Talk:Absorption spectroscopy
Not all absorption techniques excite electrons; IR, for instance, only changes a molecule's vibrational energy level. It sounds like the author is also trying to include X-ray crystallography within absorption spectroscopy as well; that is also incorrect. Only IR spectra contain the "fingerprint" region mentioned in this article; UV spectra really don't provide such unique information. The analogy between calibration curves and Hooke's law is tenuous at best, and would be very confusing to someone not familiar with both topics. This page is listed under "pages needing expert attention," so my little list of inaccuracies might be a good place to start. Mihovil 19:03, 30 August 2006 (UTC)
- I think that all absorption techniques affect the electrons. Unless one is trying to involve the nucleus, which would require quite high energy radiation, most of the techniques of general interest affect the electrons. The energy levels between which the electron switches are determined by the various energy modes available to the molecule (these include the rotational, vibrational and electronic energy level). The way the EM radiation interacts with the molecule is by affecting the electron cloud distribution around the nucleus (which according to Born-Oppenheimer approximation are fixed).

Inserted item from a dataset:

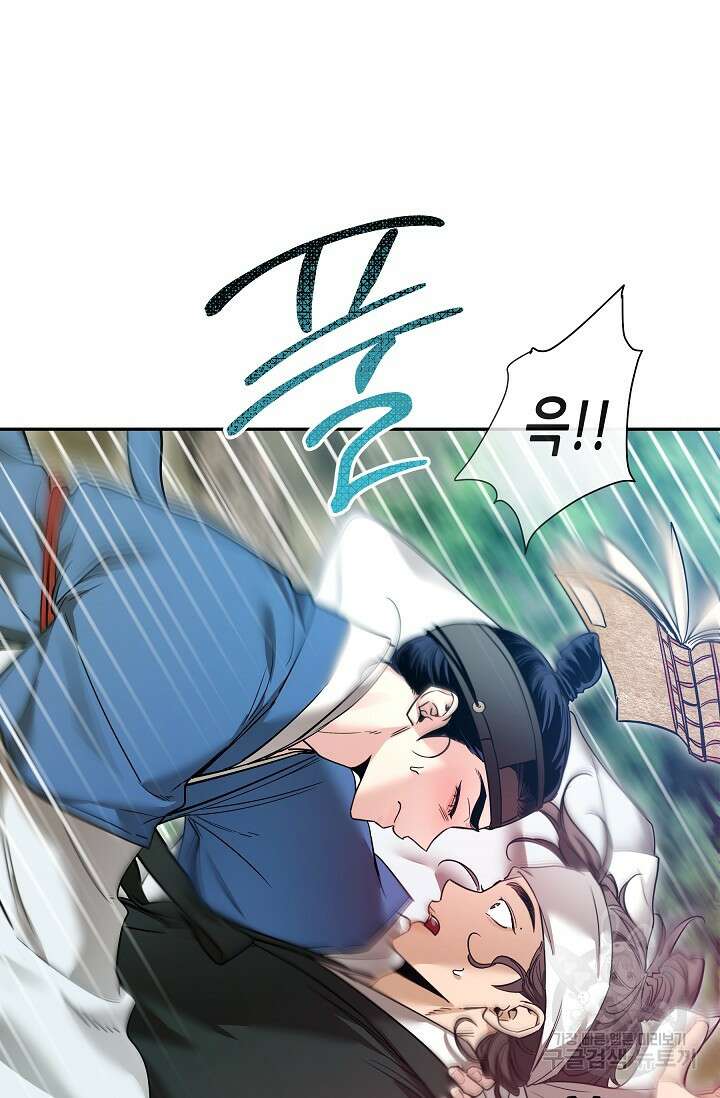 [성인 BL 단편선] 쌍방울뎐 29화 66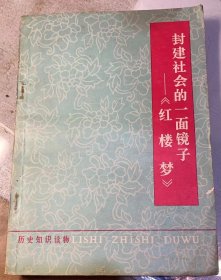 历史知识读物《封建社会的一面镜子——红楼梦》1974年中华书局出版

- As far as "fingerprint" is concerned. Well the "author" hasn't made it specific. He is refering to the spectrum on the whole of which IR spectrum is a part. So I guess there is no problem in that. Also UV spectra is usually determined by the electronic configuration of the molecule under investigation. Since the configuration can change, how can you say that the UV spectra does not provide any unique information.

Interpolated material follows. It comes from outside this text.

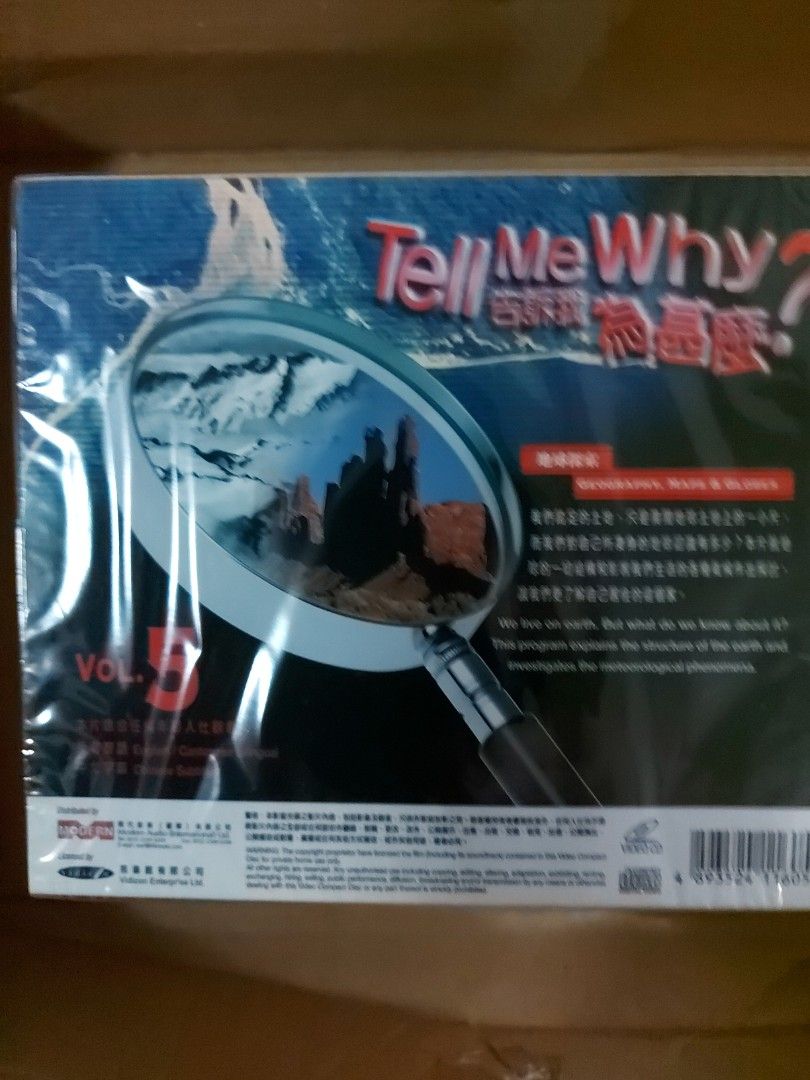 Tell Me Why ？ VCD 地球探索人類文明的演進傳統與迷信運動與競賽自由之旅哺育類動物人體組織昆蟲世界動物百態時間、金錢與測量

- I agree with the fact that the analogy is bit confusing and can be put it in simple terms. Thank you for your suggestions. 69.180.9.141 00:37, 31 August 2006 (UTC)
Of course all spectroscopies "affect" the electron cloud; I never disputed that. But IR radiation absolutely does not promote electrons to higher energy levels, UV does. When a photon of infrared radiation is absorbed by the absorbing species, said species is promoted from its (usually) ground vibrational state to a higher vibrational state. Yes, the electron cloud will be polarized, but that is a matter for the Raman spectroscopist, and Raman in not an absorption technique. UV spectra of most organic molecules are basically broad Gaussian blobs, and it is very common for different molecules to have UV absorption spectra which are centered around the same wavelength. This means that it will be difficult or impossible to distinguish them on the basis of their UV spectra alone. For this reason, UV is not considered to give any "fingerprint" information. Mihovil 02:05, 31 August 2006 (UTC)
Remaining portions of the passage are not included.